Erickson: “In the case of planning for this trip, we gave them very candid feedback on the implications to traffic.
“It’s pretty obvious that during high traffic windows of time — or let me step back, at any time when there’s a (road) closure due to an accident or event — there tends to be a ripple effect on traffic. So we gave very candid feedback. Any impact to our system can be significant.”
Kierstead: “For this visit we had quite a bit of area to cover. What we did was create a security plan to get our protectees from various sites as safely as possible … Nothing out of the ordinary occurred during this visit.”
Q: What are some of the other recommendations made to the Chinese advance team that weren’t taken?
Postman: “There were a lot of things. It’s been reported a lot there was a scheduled dinner at Bill Gates’ house. There never was. There was an invitation made, but it was never accepted. So there were some surprising things, from our standpoint, and I think that was one of them. Gary Locke presented the invitation on behalf of the Gates family, but it was never accepted or responded to.
“They had very distinct views of what they wanted to accomplish here, and we had limited ability to shape them.”
Q: Overall, how do you feel that this trip came off in terms of impact on the region’s traffic?
Postman: “I haven’t gotten a chance to get a detailed report from WashDOT yet, but all indications are it was pretty bad. And I think anybody who was stuck in it is frustrated and ticked off about it, and I know I would be too if I was stuck in it. There’s no prettying that up. When you’re going to close a freeway, people are going to get stuck. Thankfully, that doesn’t happen too often.
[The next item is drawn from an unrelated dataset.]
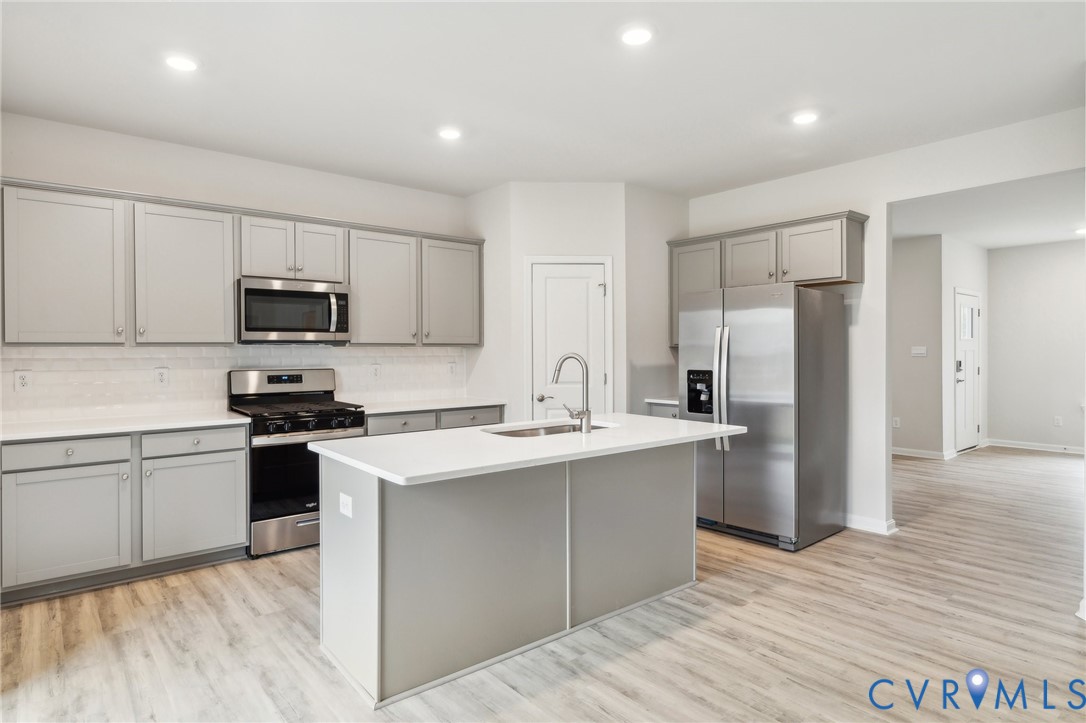 7766 Secret Knoll Ter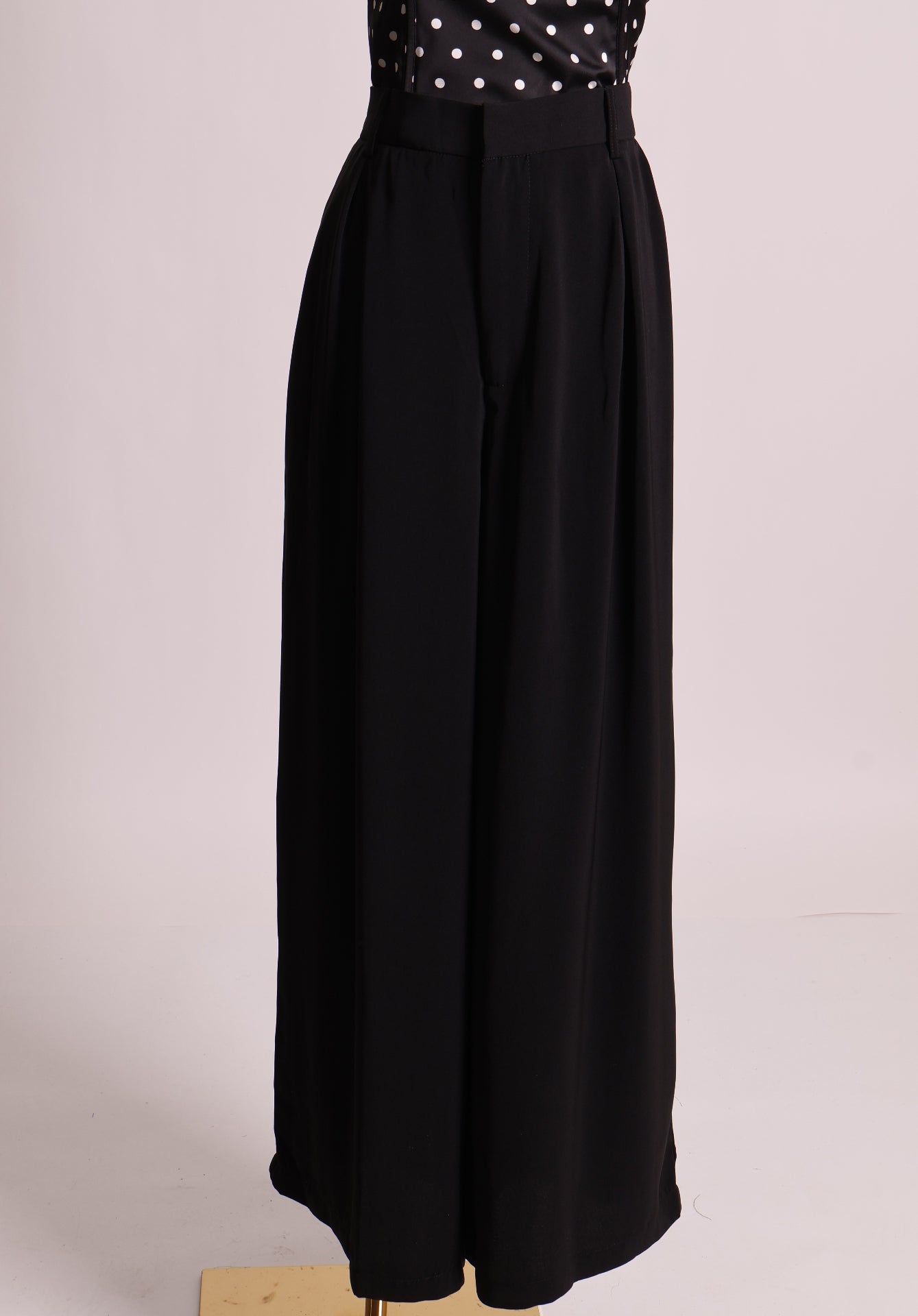 Pantalon à jambes larges et élastique à la taille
“But I think there’s a lot more to the visit than just the traffic. There’s another reason why we choose to do this. Seattle, Everett and Tacoma showed the world they can host a person like this in a way that is safe and still have protests and give people a voice. There is good that comes with this — I know that that doesn’t help when you’re stuck in traffic. When we look at this trip from the bigger picture … businesses big and small had a chance to press their case to the Chinese. So there’s an opportunity there.”
Erickson: “This was a three-day impact for us, so (the impact) varied somewhat. In some cases, it went better than expected and in other cases there were more challenges for drivers than we expected. Anecdotally, I’ve seen on social media both extremes. Some people were caught in a closure for a significant amount of time, and I’ve seen some social media where people were saying, ‘Wow, this was wide open.’ I think a lot of it depended on timing.”
Kierstead: “While many protectees to the city have the potential to cause inconvenience to the city, working with our partner agencies we make every effort to anticipate and minimize disruptions.”
Q: With President Obama expected to visit next month, will the state have any more say on mitigating traffic impacts during his trip?
Postman: “WashDOT can offer guidance to the advance team. But we can’t dictate that for our own president either.”